Why does python not have a mechanism for data hiding?

Tue Jun 3 14:29:13 EDT 2008

On Jun 3, 11:02 am, Richard Levasseur <richard... at gmail.com> wrote:
> On Jun 3, 3:07 am, "BJörn Lindqvist" <bjou... at gmail.com> wrote:
>
>
>
> > On Mon, Jun 2, 2008 at 10:50 PM, Russ P. <Russ.Paie... at gmail.com> wrote:
> > > On Jun 2, 6:41 am, Carl Banks <pavlovevide... at gmail.com> wrote:
>
> > >> You are not realizing that only useful(**) thing about data hiding is
> > >> that some code has access to the data, other code does not.  If you
> > >> "hide" data equally from everyone it's just a useless spelling change.
>
> > > I think you're missing the point.
>
> > > As I see it, the primary value of data hiding is that it provides
> > > useful information on which data and methods are intended for the
> > > client and which are intended for internal use. It's like putting a
> > > front panel on a TV set with the main controls intended for the
> > > viewer.
>
> > Here's my two cents. First of all, a TV is a bad analogy compared to
> > reusable software libraries. Really bad analogy. A TV is a horribly
> > complicated device which has to be dumbed down because otherwise it
> > would be to hard to use for ordinary people.
>
> > A software developers relation to a third party library is more
> > similar to a TV repair man trying to repair a TV than to a random
> > person watching TV. For a repair man, the front panel is just useless
> > and in the way.
>
> > Oh, and to continue on the TV analogy, one of the reason why a TV is
> > complicated is because its interface is totally different from its
> > implementation. Channels are just a bad abstraction for tuning the
> > receiver to different frequencies and for switching inputs. Merely
> > using a TV doesn't teach you anything about how it actually works.
>
> > KISS: Keep It Simple Stupid. And it is always simpler to not implement
> > the gunk needed for data hiding than to do it. By keeping things
> > simple you keep your code easy to implement, easy to understand and
> > easy to reuse.
>
> > Data hiding sacrifices implementation simplicity supposedly to make
> > the interface simpler and to keep backwards compatibility. It allows
> > you to change implementation details without affecting the
> > interface. But do you really want to do that? Consider this silly Java
> > example:
>
> >     class Foo {
> >         private int bar;
> >         public int getBar() {
> >             return bar;
> >         }
> >     };
>
> > Then for some reason you decide that hm, "bar" is not a good attribute
> > name so you change it to "babar". And you can do that without changing
> > the public interface! Woho! So now you have a public getter named
> > "getBar" that returns an attribute named "babar". That's in reality
> > just bad and whoever is maintaining the implementation is going to be
> > annoyed that the getters name doesn't match the attribute name.
>
> > What would have happened without data hiding?

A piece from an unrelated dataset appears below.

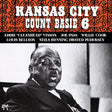 Count Basie 6 - Kansas City (180g 33rpm)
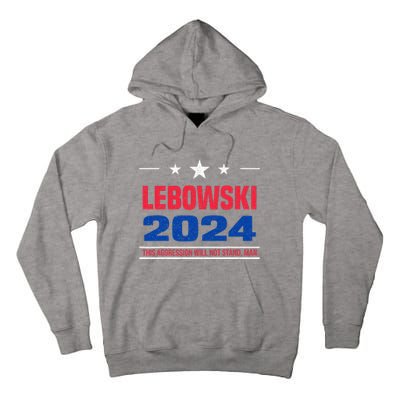 Political Name Lebowski Political Election Vote 2024 Tall Hoodie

Renaming the public
> > attribute "bar" to "babar" probably cause some grief for someone
> > reusing your library, but you would keep your implementation pure.
>
> > What about semantic changes? Data hiding doesn't protect you against
> > that, so you'll have to change your interface anyway. The interface
> > for a car hasn't changed much in the last 100 years, but the
> > implementation has. How easy is it to repair a car nowadays compared
> > to 30 years ago?
>
> > And data hiding as a documentation aid is just a sham. "These methods
> > are public so you can call them, these aren't so hands off!" A reuser
> > of your library *will* want to know what happens on the inside, by
> > trying to make stuff impossible to reach you are just making that kind
> > of information much harder to come by.
>
> > The better method is to just write proper docstrings that tell the
> > user what the methods do and when they can be called.
>
> > Another good way to see how useless data hiding is, is to try and unit
> > test a very encapsulated library. You'll see that it is almost
> > impossible to write good unit tests unless you publicly export
> > almost everything in the code. At which point you come to realize that
> > all the data hiding was for naught.
>
> > --
> > mvh Björn
>
> I really like this message and find it very true.  Writing unit tests
> for private data is nigh impossible.  You end up either creating
> accessors, or passing in parameters via the constructor (resulting in
> a huge constructor).  Personally, I'd rather have better test coverage
> than data hiding.
>
> Second, private vars with third party libs suck, and are nothing but
> an infuriating frustration.  I'm currently dealing with about 3 or 4
> different libs, one of them uses private variables and its a huge
> headache.  I have to access some of those private vars occasionally to
> make my thing work.  The other libs i'm using don't have any private
> vars (__) (only a couple protected ones, _), and its a breeze.  The
> docs say "this does x" or there's a comment that says "don't use this
> unless you really know what you're doing," and I respect their
> warnings.
>
> When I was fooling around with sqlalchemy, it made heavy use of
> protected vars but had a straight forward public api.  Unfortunately,
> writing plugins for it required access to some of those protected
> vars.  It wouldn't be possible if they were strictly controlled and
> restricted by the language itself.  Whenever I'd use those protected
> vars, I expected an odd behavior or two.  When using private vars, I
> don't expect it to work at all, and really, refrain from using them
> unless i've grokked the source.
>
> My point is that I currently like the private/protected/public scheme
> python has going on.  It lets me fix or alter things if I have to, but
> also provides a warning that I shouldn't be doing this.
>
> As for customers using the internals and worrying about an upgrade
> breaking them, it seems likes a silly issue, at least in python.  If
> there are internals that the customer would be playing with, then it
> should be exposed publically, since they want it that way to begin
> with. If they're using defunct variables or methods, you use
> properties and __getattr__ to maintain backwards compatibility for a
> version or two.

If you think that private data and methods should not be allowed
because they complicate unit testing, then I suggest you take a look
at how unit testing is done is C++, Java, and Ada. They seem to do
just fine. Also, I have stated several times now that "back door"
access should be allowed. That should satisfy any need for access to
"private" data in unit testing.

But I think there is a more fundamental issue here. You complain about
problems with software that uses data encapsulation. So two
possibilities exist here: either the designers of the code were not
smart enough to understand what data or methods the client would need,
or the client is not smart enough to understand what they need. Maybe
the solution is smarter programmers and clients rather than a dumber
language.